# CEO salaries,justified?



## donald (Apr 18, 2011)

I was taking a look @ some ceo compensation.I know this has been talked about alot in corporate america.With the gap between the rich and the poor,how do board members come up with compensation.

Take Mr john f lungren ceo of stanley black and decker,this guy made 32,730,259.00 in compensation for 2010,why and how did it get like this?Maybe he is worth his salt...

Its crazy what some of these guys make.


----------



## sags (May 15, 2010)

It's outrageous.

Nobody needs or deserves that kind of money.

I read that in 2010, the top executives earned the average salary of other Canadians by 2 pm. on January 3rd (the first day of work).

What is even more shameful, is when executives get those kinds of salaries because they eliminated employees, lowered salaries, or shipped work overseas.

There is an ad that runs on the business channels.

The guy owns 165 Wendy Restaurants................165 !!!!

That's the way it works for the big franchises. The same people get first opportunity to obtain a new store in the area.
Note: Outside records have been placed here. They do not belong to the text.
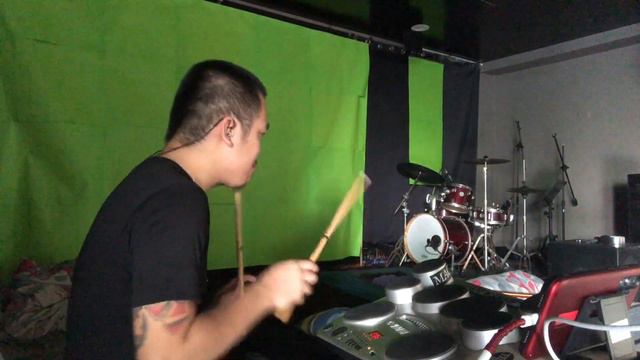 Playing with my Yamaha DD65. Swabe lang. смотреть онлайн
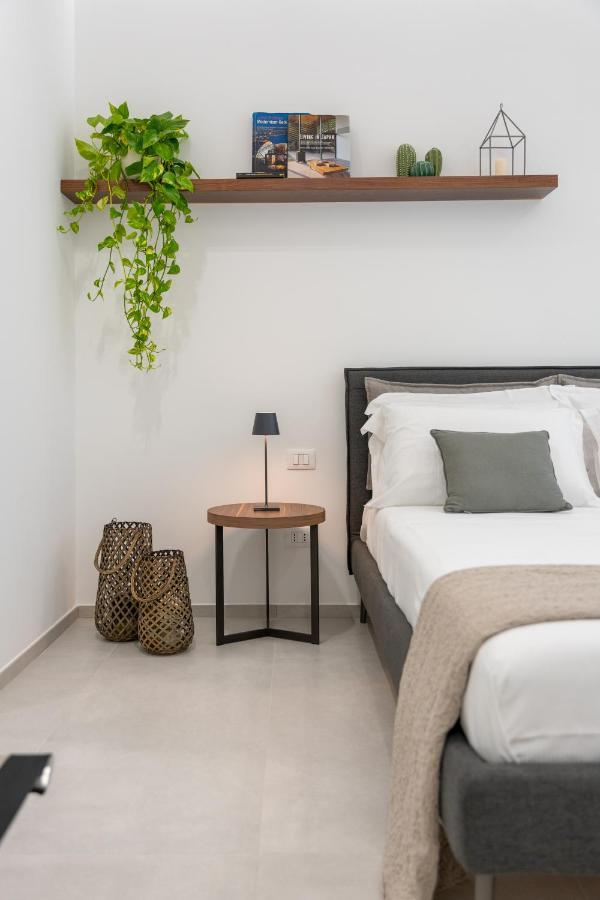 Daline Holiday Rooms อักกวาริกา เดล กาโป ภายนอก รูปภาพ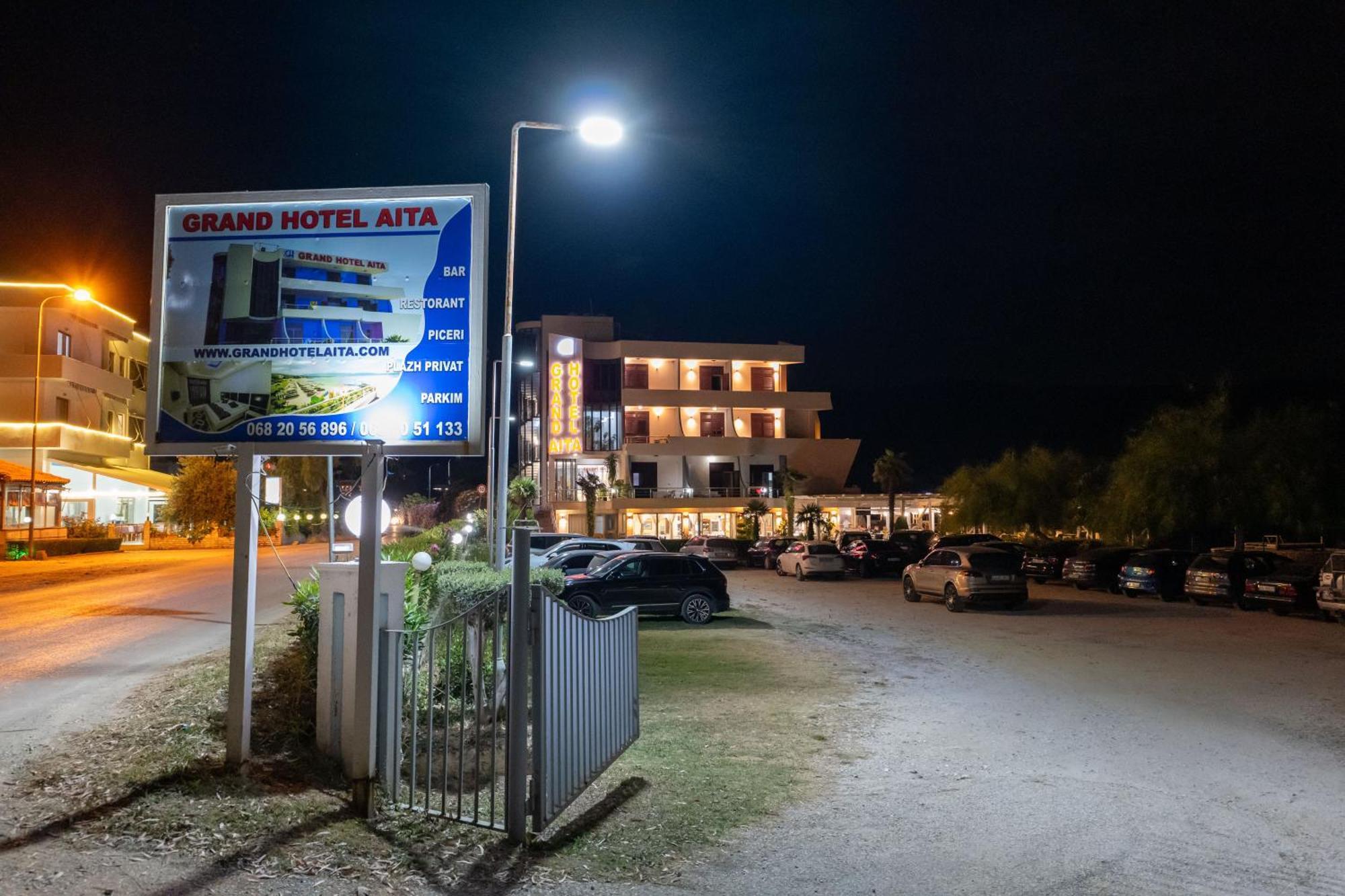 Grand Hotel Aita Radhimë Dış mekan fotoğraf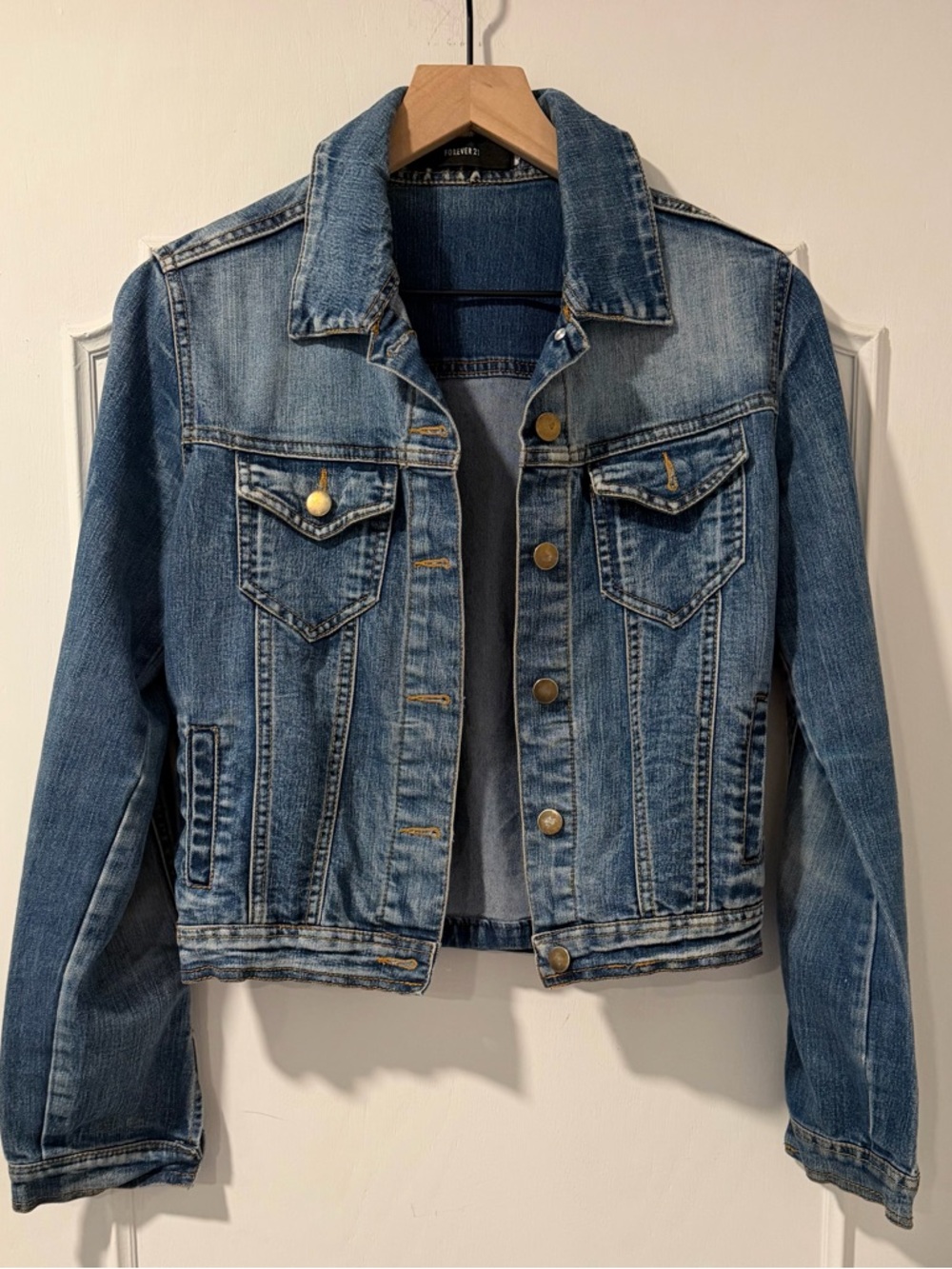 Vintage Forever 21 Denim Jean Jacket with Pockets - Small
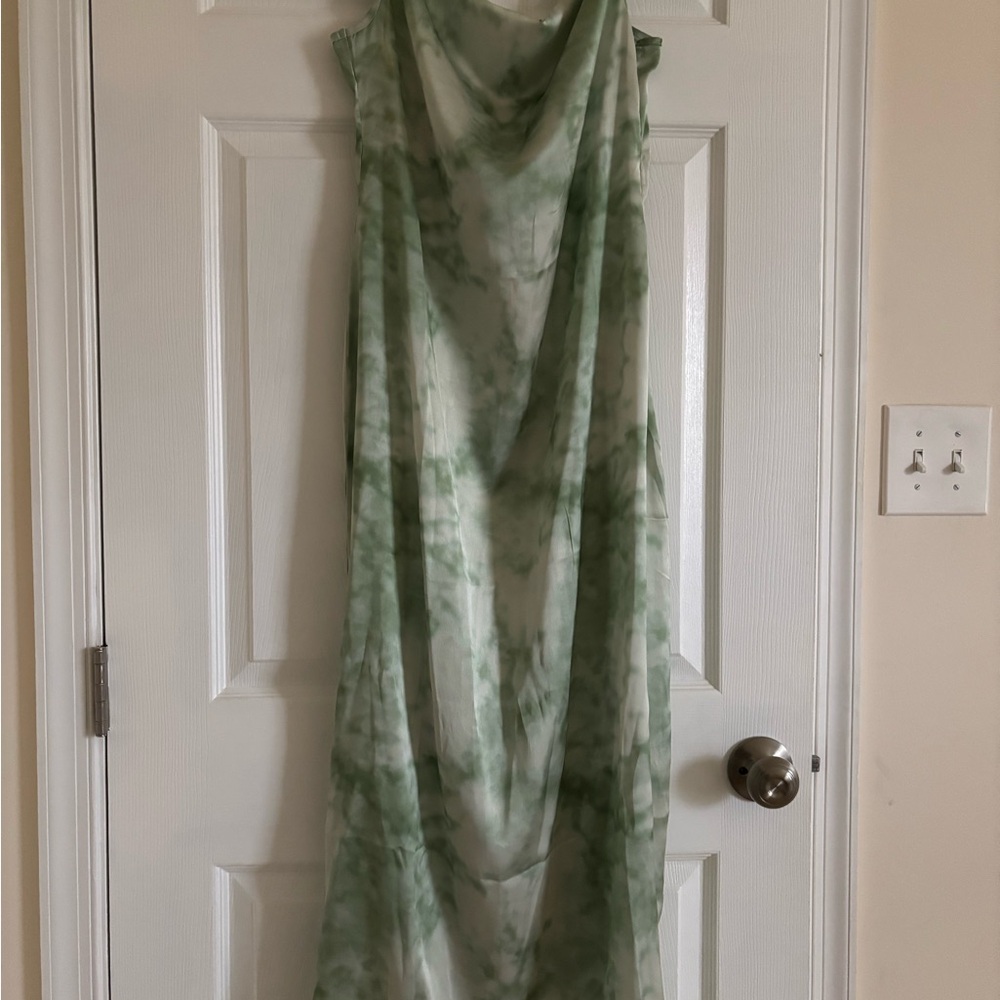 Elegant Green Tie-Dye Maxi Dress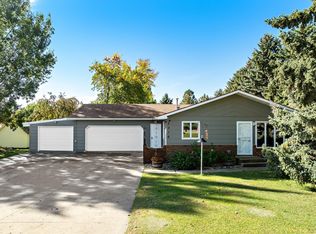 2316 Parkside Dr, Minot, ND 58701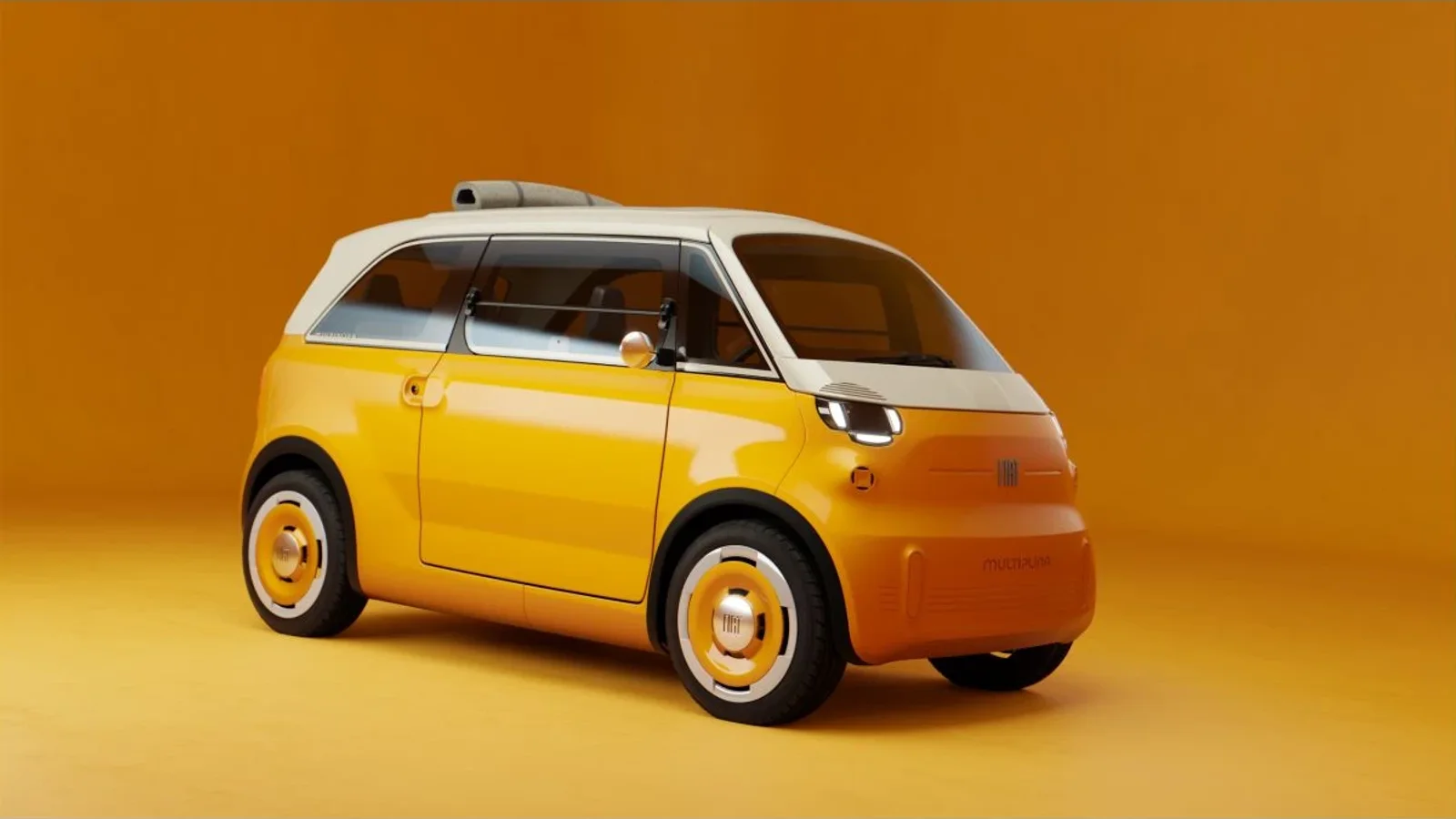 Fiat Multiplina prezentată lateral-dreapta pe fundal portocaliu, în culoare galben și alb, un cvadriciclu electric cu patru locuri și design compact urban, cu parbriz mare și faruri rotunde integrate în caroserie într-un stil modern și simplu.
McDonalds do it, Tim Hortons do it...........they all seem to do it.

Warren Buffet recently said that "rich have won", and he is right.

They now own almost everything.


----------



## Dmoney (Apr 28, 2011)

sags said:


> What is even more shameful, is when executives get those kinds of salaries because they eliminated employees, lowered salaries, or shipped work overseas.


Unfortunately, that's what they are paid to do. Eliminate operating inefficiencies in any way possible. 

I think CEO pay needs to reflect long term rather than short term stock price movements. If we assume that a CEO's role is the maximize shareholder value (stock price), it needs to be the price in 10 years' time, not in 10 months. 

If options granted were at a strike price that reflected say an 8% annual price appreciation with a 10-year horizon, we might see more prudent decisions made. Particularly in the financial industry where 9 years of risky trades and profit taking can be wiped out by 1 year of crashing markets. 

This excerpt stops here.